Christmas came early for Nevada horseplayers this week with word that a logjam had broken in the long-running simulcast dispute between the state’s racebooks and Churchill Downs Inc.

Following approval of the new contracts Wednesday by the Nevada Gaming Control Board, state racebooks are again able to offer wagering on races from the Fair Grounds, Oaklawn Park and Turfway Park beginning immediately and continuing through their current meets.

All three tracks had been off-limits in the state since last year, when Churchill Downs, the horse racing and casino company that hosts the Kentucky Derby at its namesake track, escalated an ongoing dispute with Nevada racebooks over the price of the Louisville track’s simulcast signal. Both the Fair Grounds and Turfway Park are owned by CDI, while Oaklawn Park contracts with the company for distribution of its signal.

It’s not yet clear what led to the breakthrough, though several observers pointed to the National Handicapping Championship scheduled for Jan. 28-30 at Bally’s in Las Vegas as a possible factor.

Keith Chamblin, senior vice president of marketing and industry relations of the National Thoroughbred Racing Association, which hosts the handicapping event, declined to comment on the tournament’s role, if any, in the signal agreements, but issued this statement:

“This accord is great news and an early holiday gift for Nevada horseplayers and those who qualify for the National Horseplayers Championship next January at Bally’s Las Vegas.

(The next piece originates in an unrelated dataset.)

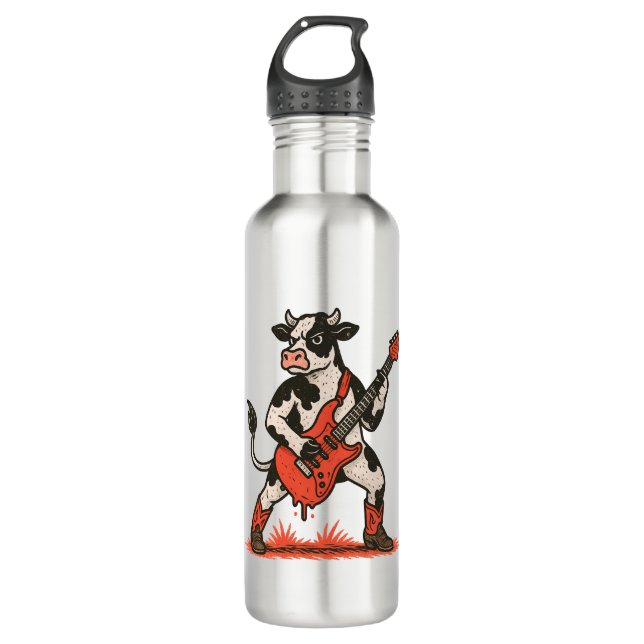 Rocker Cow , Cow Playing Guitar 710 Ml Water Bottle (Front)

I applaud Churchill Downs and the Nevada Pari-Mutuel Association for making this happen.”

Patty Jones, executive director of the Nevada Pari-Mutuel Association, the organization representing the racebooks in the negotiations, also said she could not comment on the breakthrough.

The contracts received Wednesday do not resolve the underlying dispute over the Churchill Downs signal, but Jones described the development as “positive movement” toward a long-term simulcasting agreement with the company.

Safety reigns at Del Mar

In addition to welcoming back fans and breaking wagering records, Del Mar set a high mark for safety at its summer and fall meets.

“The standard the track is proudest of is its continuing mark as America’s safest major racetrack,” Del Mar said in a news release Sunday after concluding its Bing Crosby season. “Only one horse was injured catastrophically in the 426 races and 3,552 starters that performed during the two sessions, a mark that is unmatched in the country.”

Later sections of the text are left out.